Non-minimal non-Abelian quantum vector fields in curved spacetime

TL;DR

This paper investigates the quantum effective action of non-minimal non-Abelian vector fields in curved spacetime, addressing gauge invariance issues and calculating one-loop divergences for various dimensions.

Contribution

It introduces a non-Abelian Stueckelberg field to handle gauge invariance breaking and derives general formulas for one-loop divergences in curved spacetime.

Findings

Ultraviolet divergences are local but non-polynomial.

Gauge invariance breaking affects only the tree level.

Explicit results provided for two-dimensional spacetime.

Abstract

The quantum effective action of non-minimal vector fields with Abelian or non-Abelian gauge degrees of freedom in curved spacetime is studied. The Proca or Yang-Mills fields are coupled to a local mass-like term acting in both coordinate and gauge spaces.
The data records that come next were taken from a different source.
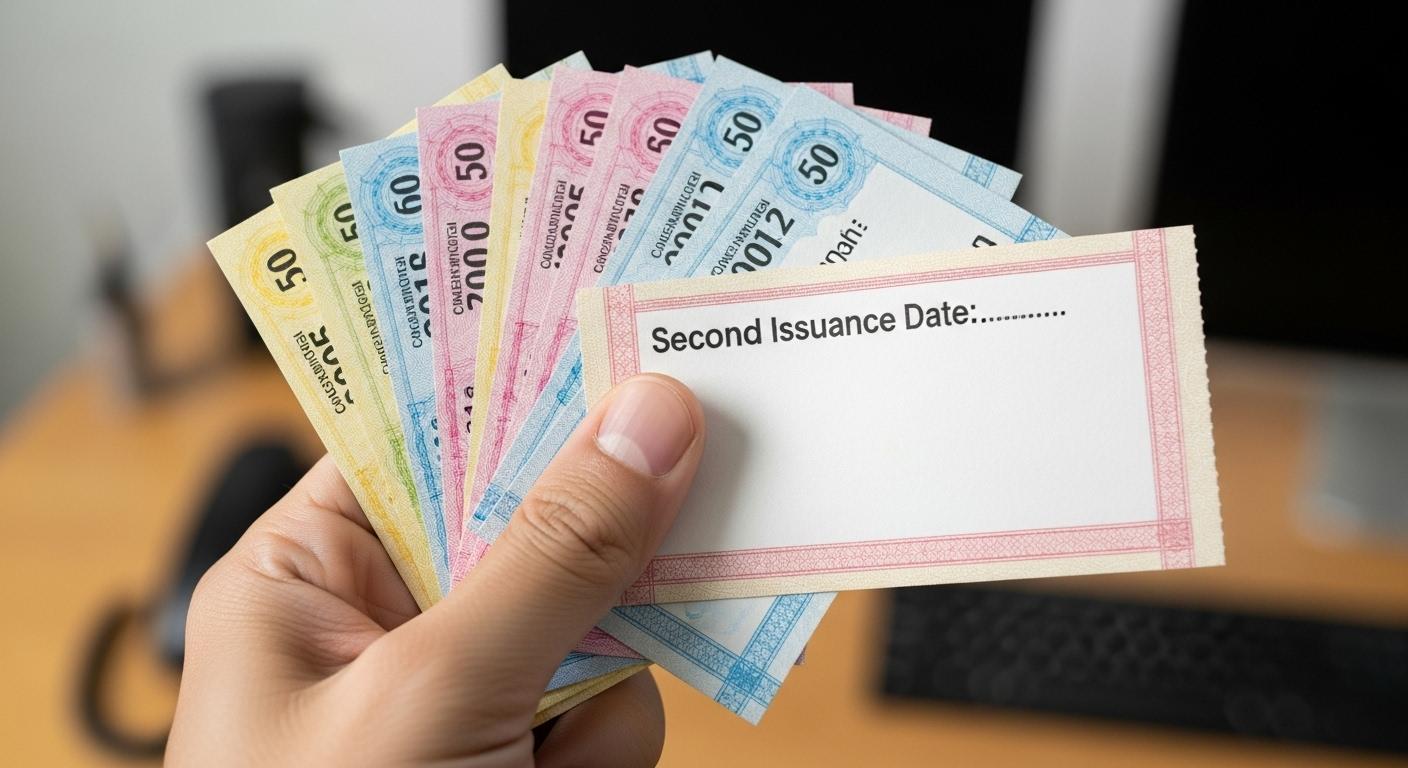 2차 소비쿠폰 지급 일자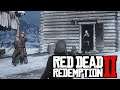Red Dead Redemption 2 Let's Play #086 Finale Micah und Dutch im Versteck! [Facecam]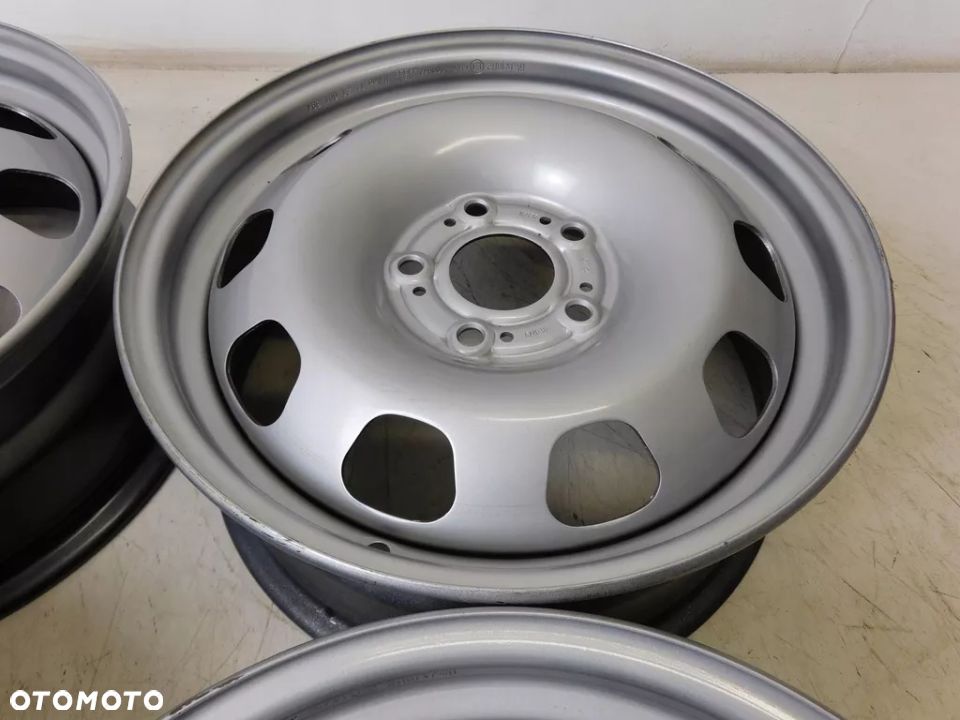 FELGI 16 DACIA DUSTER ET50 CZUJNIKI - 3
Pathologies due to gauge invariance in the ultraviolet are avoided through the introduction of a non-Abelian version of the Stueckelberg field. It is found that the breaking of gauge invariance induced by the mass term affects only the tree level part of the effective action. The ultraviolet divergent part of the effective action to one loop is obtained using the method of covariant symbols and dimensional regularization. Formulas are given valid for any spacetime dimension and explicit results are shown for the two-dimensional case. As already happened for a single vector field, the ultraviolet divergences are local but not of polynomial type.